Clang-Chimera is a software tool designed to manipulate source code written in C/C++. In particular, it automatically generates software mutants by applying user-defined rules.
Clang-Chimera is part of the Chimera tools, a set of tools for source code mutation.
Clang-Chimera can be employed either as a framwork or as a library, meant that it can be embodied within a software project for having available a source mutation engine or used as a stand-alone software. In both cases, clang-Chimera provides a mechanism to apply mutation operators (or just operators) to source codes, e.g. enabling pre-process actions, such as macro expansion or reformat.
The separation of concerns in clang-Chimera gives the possibility to implement new operators by coding only their inner logic, while their actualization on the source code is completely managed by clang-Chimera.
In clang-Chimera, a mutation operator implements a specific set of transformations (mutators), while a mutator represents a general and reusable transformation. Indeed a mutator expresses global transformation rules, while an operator has a more tight scope, that is it involves functions.
The mechanism behind the definition and application of the mutation operator is based on the exploration of the abstract syntax three (AST) obtained from the source code.
Each mutator is characterized by one or more mutation types: given a specific matching rule, used for identify a pattern over the AST, the mutator is able to mutate the code according to the selected type. Therefore, a single mutator is able to generate more than one mutant, for every matched type.
Each mutator can be defined as First Order Mutator (FOM) or High Order Mutator (HOM). The definition of a FOM produces as many variants as the number of matched rules over the AST, while the HOM accumulates mutations over the code before gives in output the mutated code.
The same definition can be used for the mutation operators. A FOM operator is a simple mutators wrapper, i.e. it contains FOM or HOM mutators. It is clear that HOM mutators of a FOM operator has a scope local to a matched function, so at most a mutant can have mutations accumulated on single functions. Conversely, a HOM operator is used when global mutations have to be applied, implying that it wraps only HOM mutators. It follows that it accumulates the transformations on all the target function before producing a mutated source code.
Executing clang-chimera without any input argument will prompt a short help message, which reports the main flags and options.

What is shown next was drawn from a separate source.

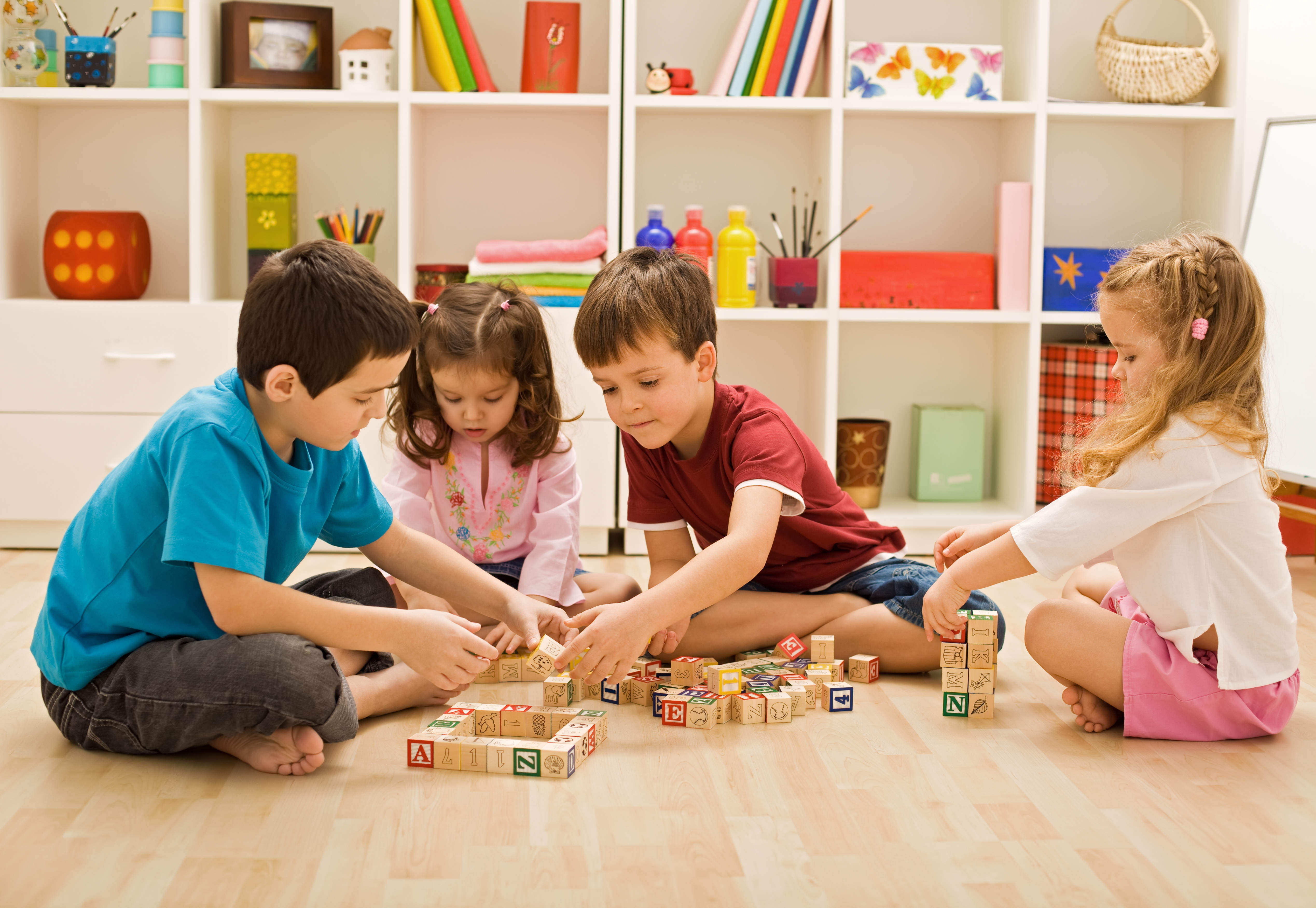 men, enjoyment, sitting, black, t, leisure Games, males, full length, offspring, caucasian Ethnicity, cubes, shirt, classroom, women, child, cheerful, education, HD Wallpaper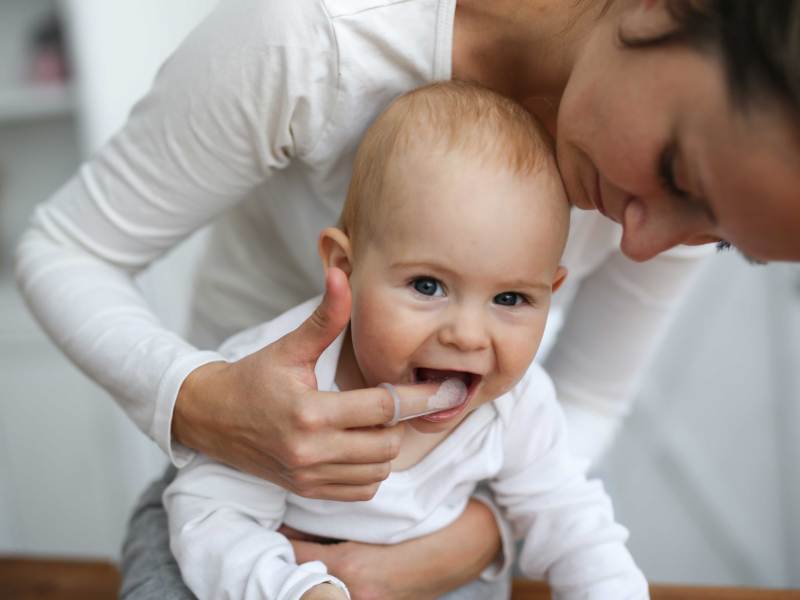 Das Zahnen kann sehr anstrengend sein für Kinder. Woran man erkennt, dass der erste Zahn durchbricht und wie man seinem Kind dann helfen kann, erfahrt ihr bei uns.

Clang-Chimera makes use of Clang-Tool and requires a compilation database. It can be provided to clang-Chimera in two different ways: as last argument after the double dash (--), or as a JSON file named compilation_database.json. We suggest to exploit CMake for automatically get a compilation_database.json file.
For instance, to manually pass compilation commands, run clang-chimera as follows:
$ clang-chimera input.cc -- -I/path/for/include -std=c++11
The additional commands specify where clang-chimera will find source file to resolve dependencies and the dialect used to interpret the file input.cc, in this case the C++11.
The application of mutators to target function is configured through a configuration file, namely function/operators configuration file, formatted as comma separated values (CSV).
The configuration file has to be provided to clang-chimera by means of -funop flag. Here below an example of configuration file:
function1,operatorA,operatorB,operatorC
function2,operatorA,operatorD
The file specifies that the function named function1 has be mutated by means of operators operatorA, operatorB and operatorC, while function2 by means of operatorA and operatorD.
The funop configuration file supports two special keywords, namely CHIMERA_ALL_OPERATORS and CHIMERA_ALL_FUNCTIONS, which avoid to list all the operators or functions whenever they have to be involved at the same time.
CHIMERA_ALL_FUNCTION,operatorA,operatorB
function1,CHIMERA_ALL_OPERATORS
The funop configuration files supports skipping (command) lines by using \\
Here we report a short walk-through for developing a new operator within the clang-Chimera tool. Actually, it is the basic example that you download with the source code.
We target the Relational Operator Replacement mutation, a method/function-level mutator operator, which replaces relational operators with others. For the sake of ease, let us consider only the greater than relational operator (>): we want to mutate it into the less than (<) and less than or equal (≤), namely to mutation types.
Let us assume a single mutation per mutant, which implies to have a FOM mutator/operator. Moreover, we aim to avoid mutations of code which resides into condition expressions of a for statement.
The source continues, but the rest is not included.